In contrast to the all-black Area-51, the Odachi sports a two-tone grey/black chassis that, by its very nature, is more generic. The notebook’s lid takes an 18-mil laminated graphic shield, adding a more custom feel to the chassis. This is something we’ve become accustomed to from certain resellers thanks to Intel’s CBB (Custom Building Block) initiative.
The ports on either side of the notebook match up well to the chassis. Unlike the Alienware’s flush body, the Odachi cuts in on the right and left sides underneath the available jacks and connectors. Aesthetically, the m17x looks more attractive. However, the stair-step cut into the Odachi’s chassis does serve as a good place to grip the heavy notebook.
With the lid open, you can see that Clevo clearly wasn’t going for the same flush-mounted touchpad. It’s instead recessed and surrounded by a chrome bevel.
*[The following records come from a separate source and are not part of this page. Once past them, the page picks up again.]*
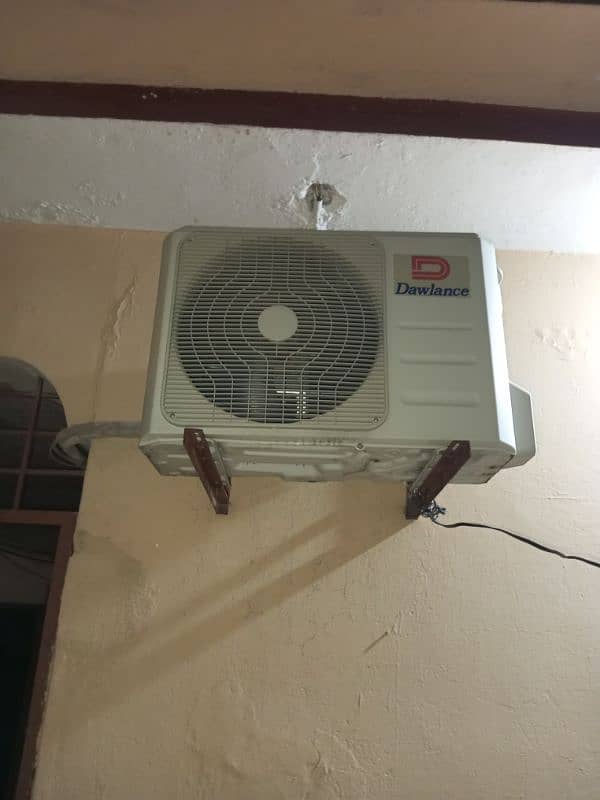 1 ton ac inverter good condition fori sale 2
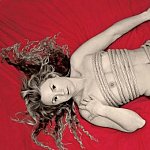 drapée de rouge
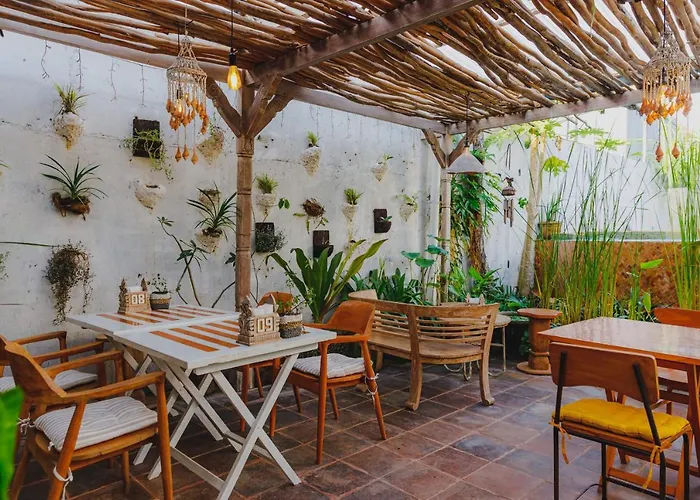 Isla Indah Retreat Boutique
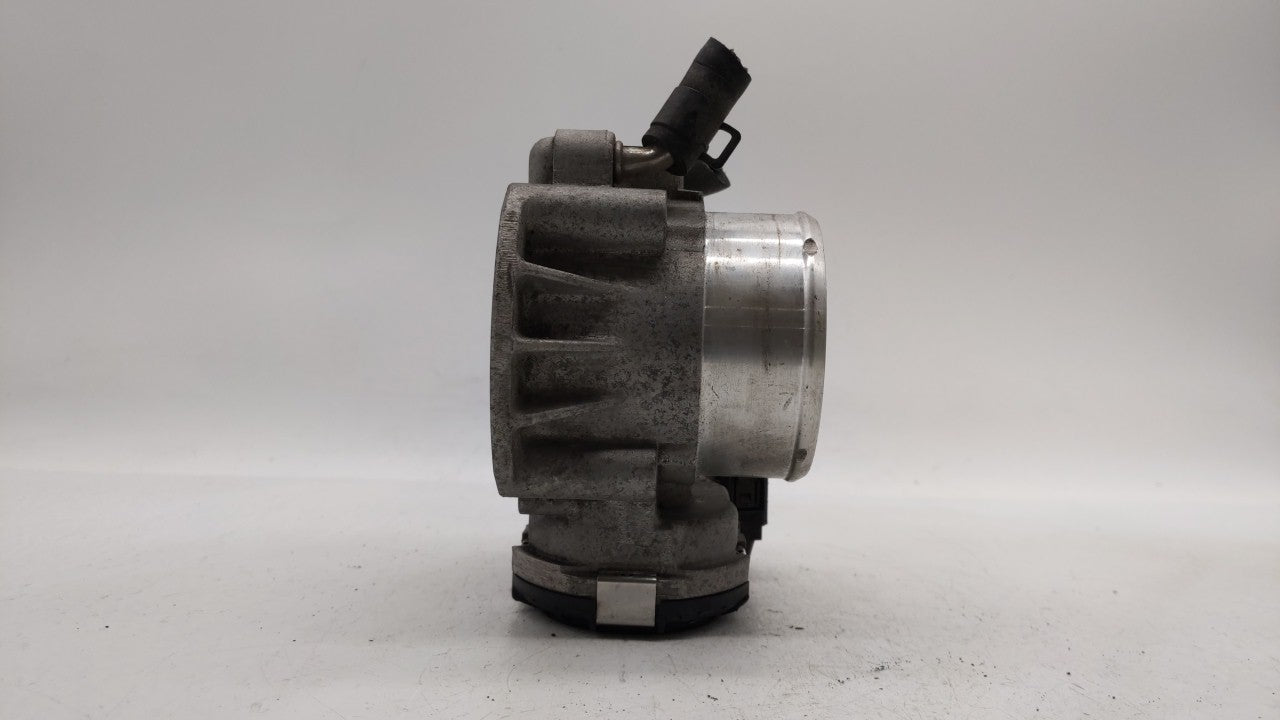 2011-2015 Kia Optima Throttle Body P/N:35100-2G700 Fits Fits 2011 2012 2013 2014 2015 2016 OEM Used Auto Parts - Oemusedauto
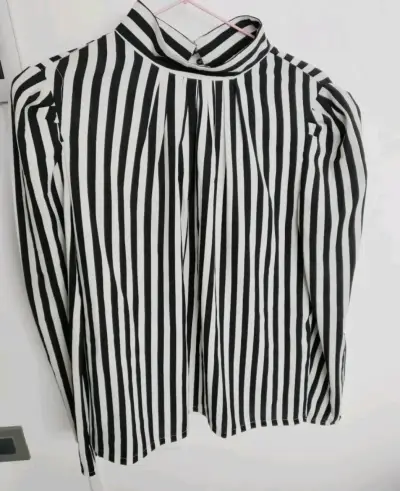 Blusa rayada blanca y negra - miniatura 5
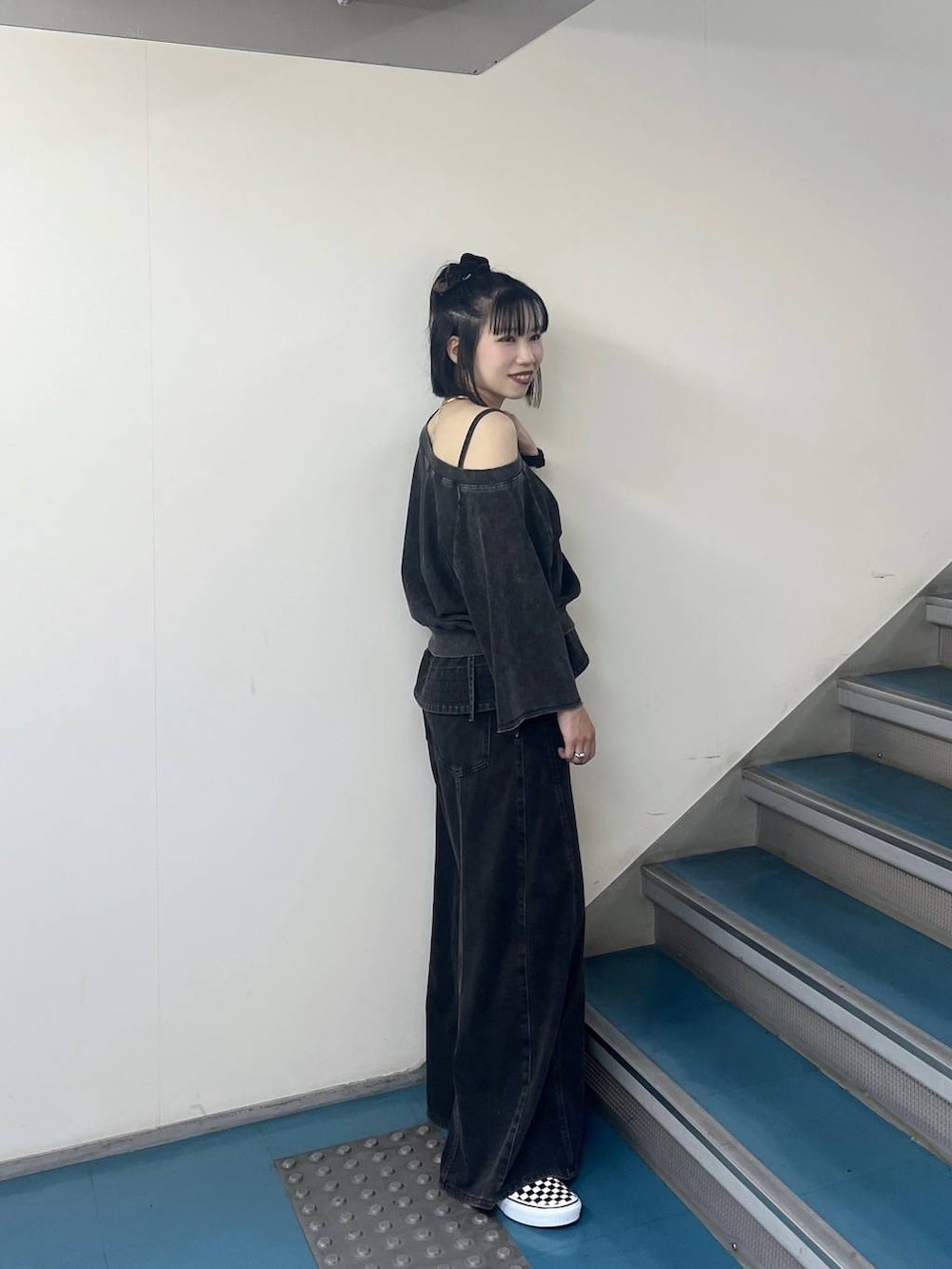 ブラック系のデニムパンツ、ブラック系のTシャツ/カットソー、ブラック系のショルダーバッグを着用したレディースの夏コーディネートの2枚目の写真
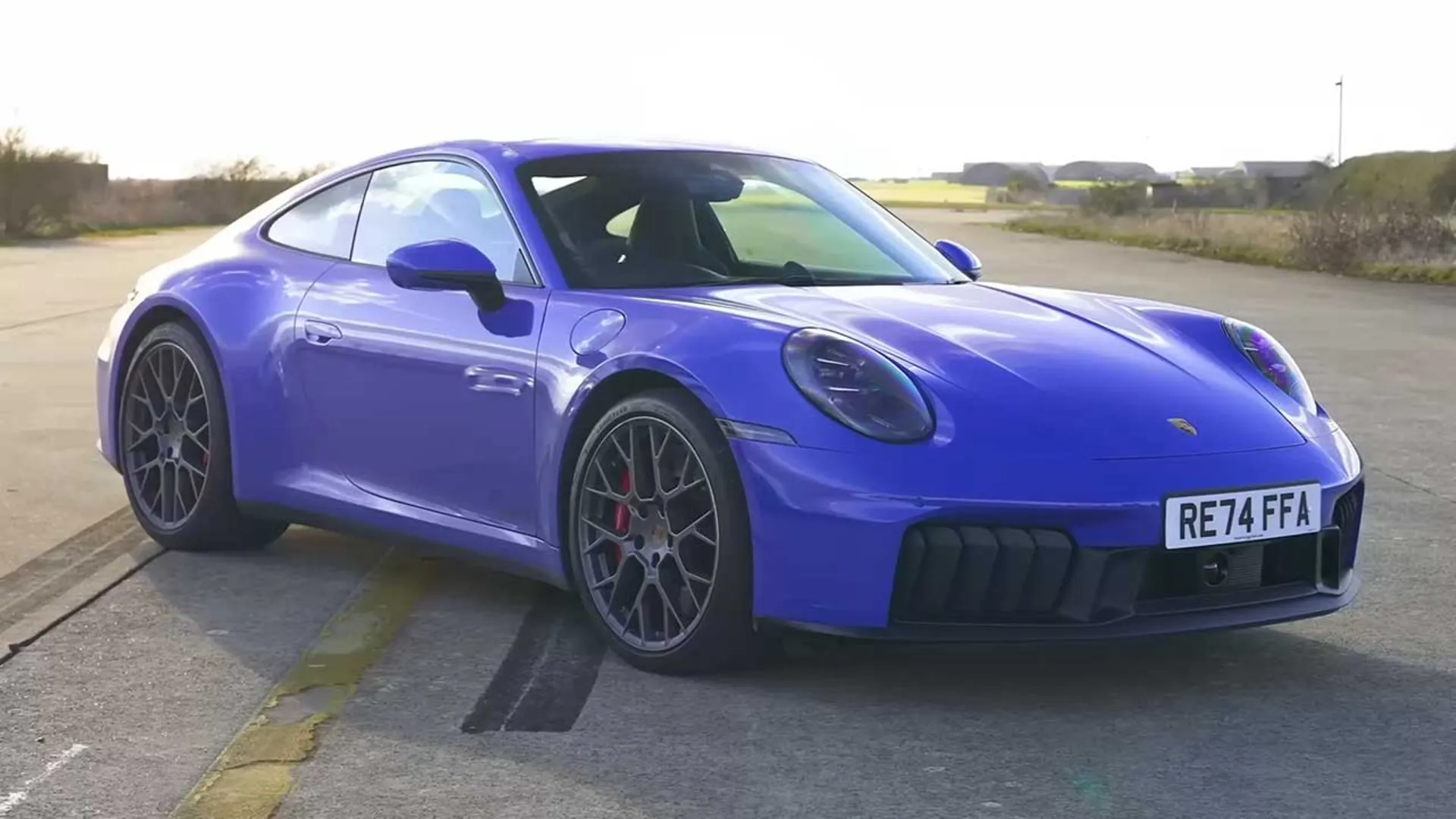 درگ بی‌ام‌و M8 و پورشه 911 GTS هیبرید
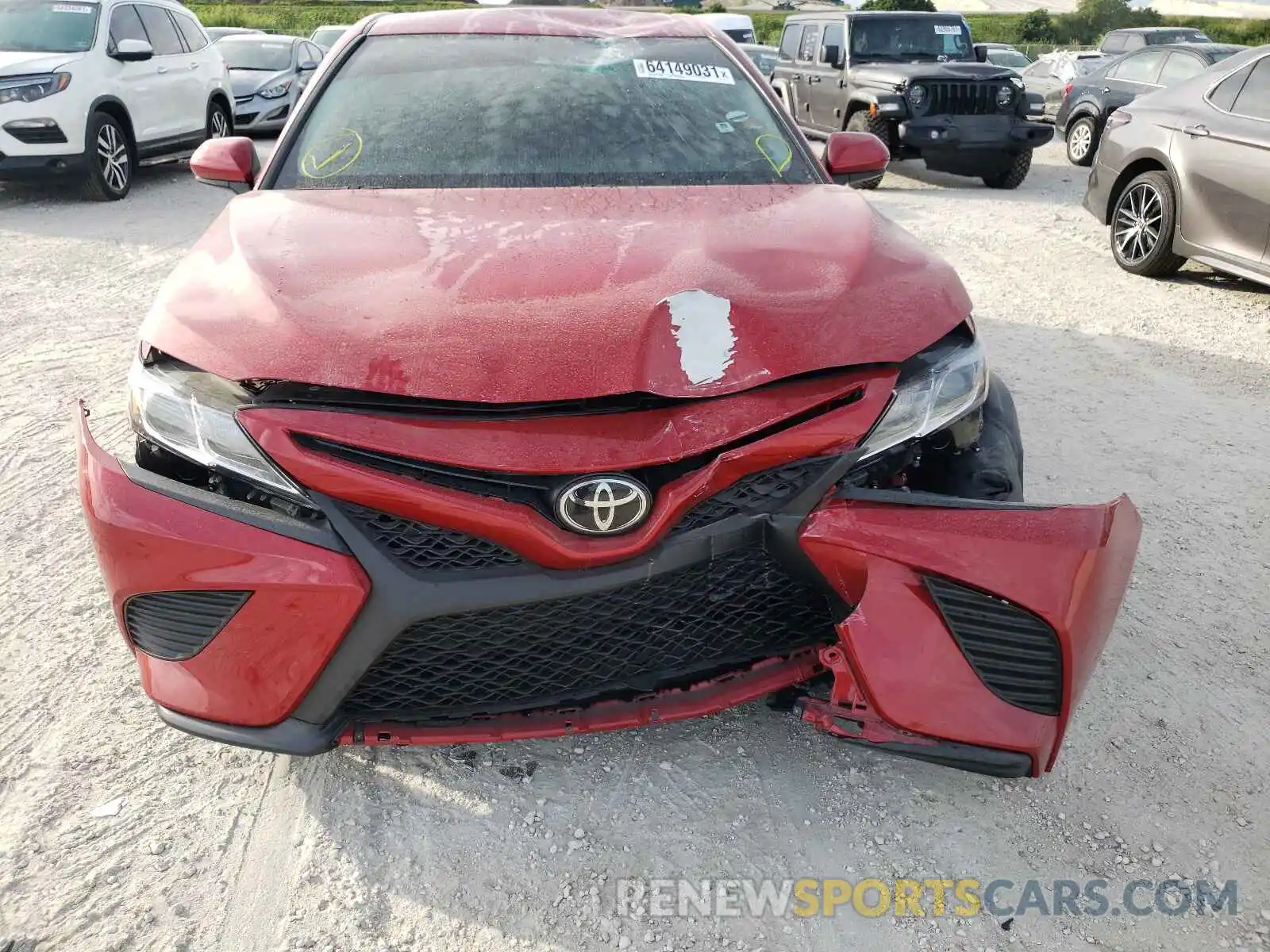 9 Photograph of a damaged car 4T1G11AK0LU327735 TOYOTA CAMRY 2020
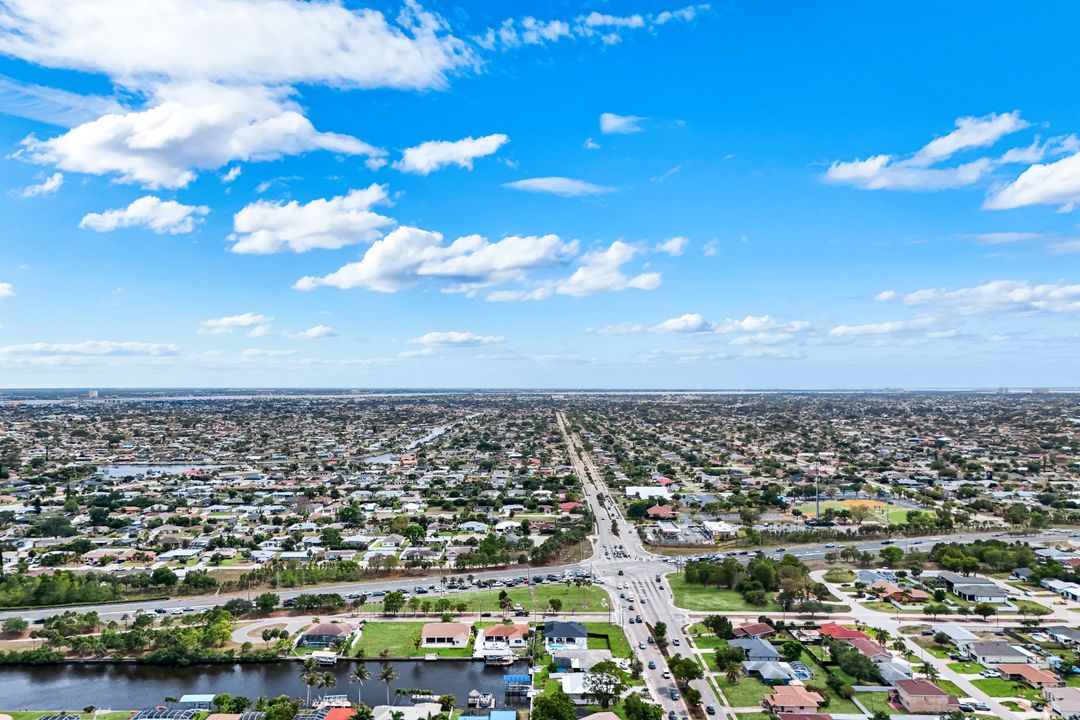 2419 Country Club Blvd, Cape Coral, FL 33990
The keyboard does have good tactile response, though. And because this is a large desktop replacement, there’s naturally enough room for a full-sized keyboard and 10-ley number pad.
Our only other concern is ventilation. The Odachi, loaded with its desktop processor, three hard drives, and two 8800M GTX graphics cards, generates copious heat, which is exhausted from the chassis through four blowers. The quartet pulls air from vents on the bottom of the notebook. Although we didn’t have any heat problems on our test bench, it’d be conceivably pretty easy to block those vents and end up with insufficient cooling. At the very least, this probably isn’t a notebook you’ll want to use on your lap.
More Go-Fast Potential
The folks at Killer Notebooks obviously know they’re at a manufacturing disadvantage when it comes to the other former-boutique shops that have sold to larger vendors, such as Alienware and VoodooPC. To help bridge that gap between brains and beauty, Killer makes an extra effort to tune its notebooks for performance. In fact, the company originally sent its sample running a 64-bit copy of Vista Ultimate with several hours worth of tweaks applied, including optimizations for each installed application that’d milk the most performance from the quad-core CPU.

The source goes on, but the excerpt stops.